Diane,
Here's some more details on our application, and some screen shots:
We read values from registers in our hardware in real-time and perform a histogram of those registers. As an example, I've created a 2D Bar Chart that represents the values we might read from an 8-bit register. In this demo, instead of reading from our actual hardware, I'm creating Gaussian random data to create a nice bell curve quantized over 256 bars (8-bit, 2^8 = 256). See here:
http://tinypic.com/r/15n88q1/6
As a visual cue, I'd also like to highlight the average, like so:
http://tinypic.com/r/20g1s46/6
However, I can't just set the bucket to a different fill color when it's created; because we're continuously collecting and processing data, I have to be able to change the bucket that's highlighted as the average on-the-fly, and reset the previously highlighted average to the default fill color.
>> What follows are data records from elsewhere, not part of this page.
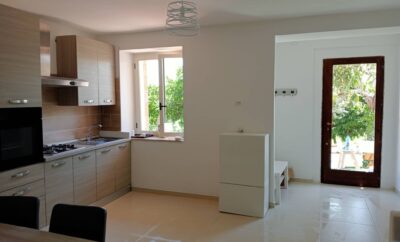 Casa vacanza arcobaleno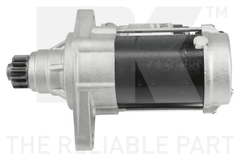 Anlasser Starter für AUDI SEAT SKODA VW A1 Allstreet City Carver Sportback A3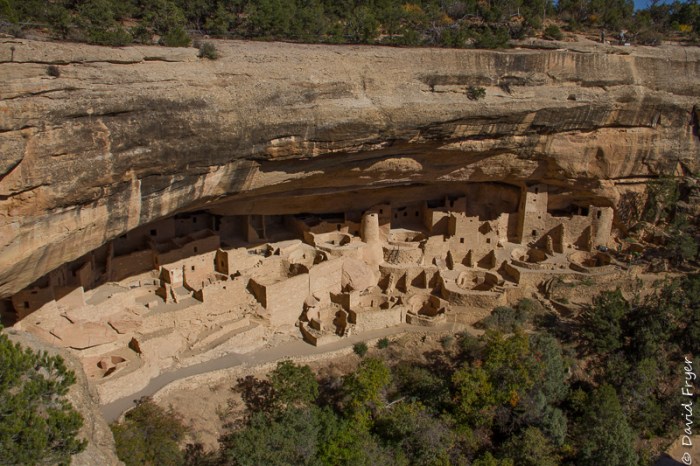 Mesa Verde National Park 2017-56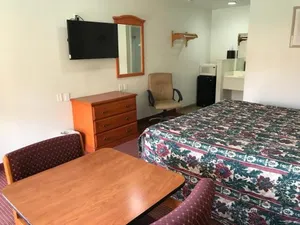 Image of Nogalitos Motel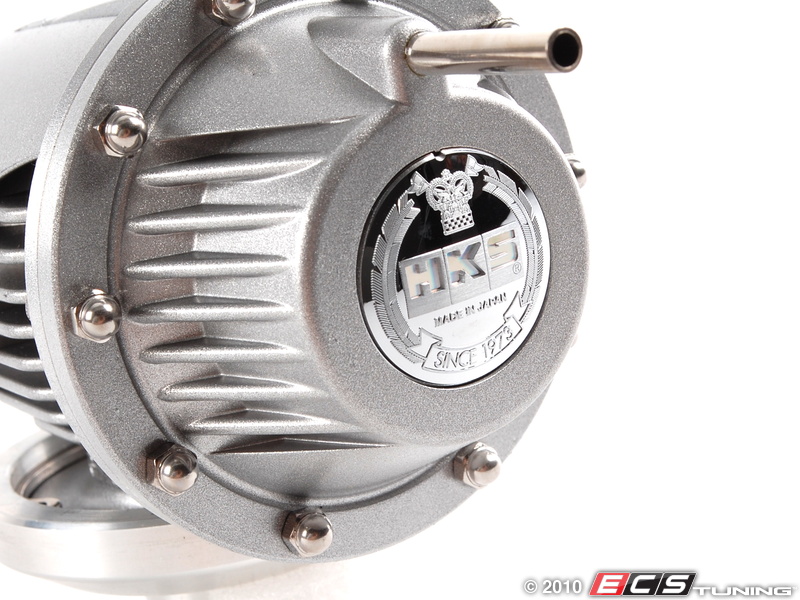 ECS News HKS Blow Off Valve Kit for MKIV 1.8T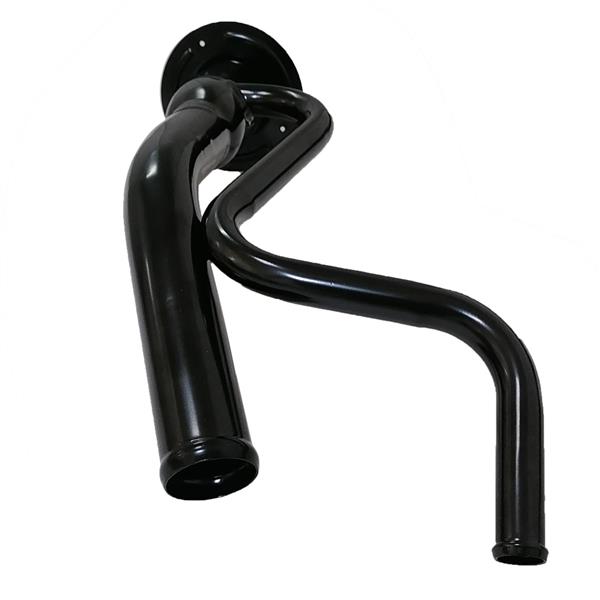 Fuel Filler Neck for 99-10 F250 F350 F450 Super Duty Styleside Pickup Diesel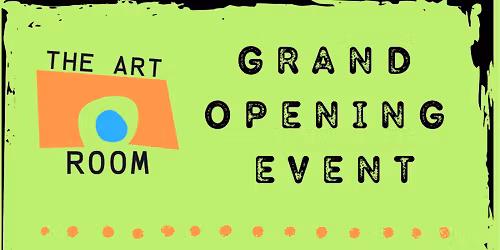 Grand Opening 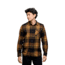 Black Diamond Project Flannel - Men's, Black/Flax Plaid, Extra Large, AP7440639623XLG1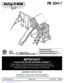 Preview: Assembly Instructions
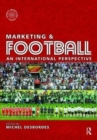 Marketing and Football - Book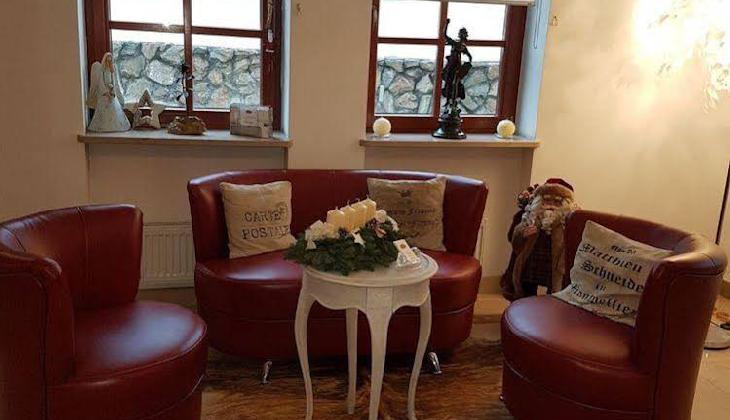 Hotel B.A.S. Villa Residence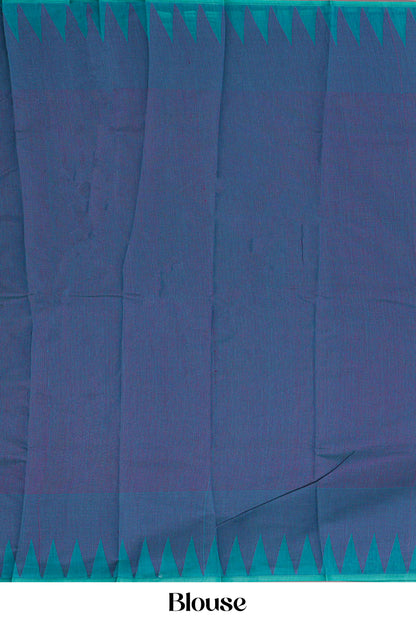 Silk Cotton
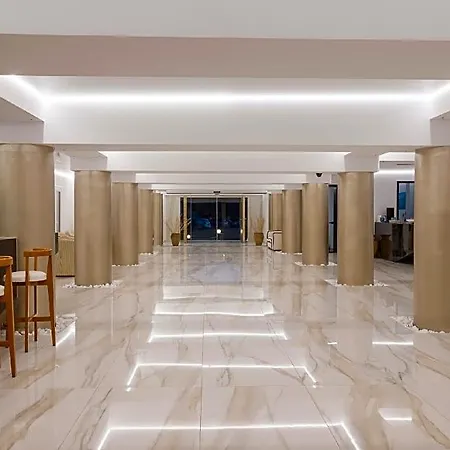Dionysos Luxury Mykonos Hotel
In addition, often our users will want to perform this histogram analysis on multiple registers at one time (20-30). In order to reduce clutter on the screen, we implement gauges. Imagine the above histogram turned on its edge, where we define the same number of bars in X, with constant height in Y, using colors to represent important values (average, +1 std. deviation, -1 std. deviation, min, max, etc.), like this:
http://tinypic.com/r/2rgdmqg/6
I hope this helps you to understand my application, why I need to be able to dynamically change individual bar color, and if there's some other way to accomplish this if changing individual bar color on-the-fly isn't possible.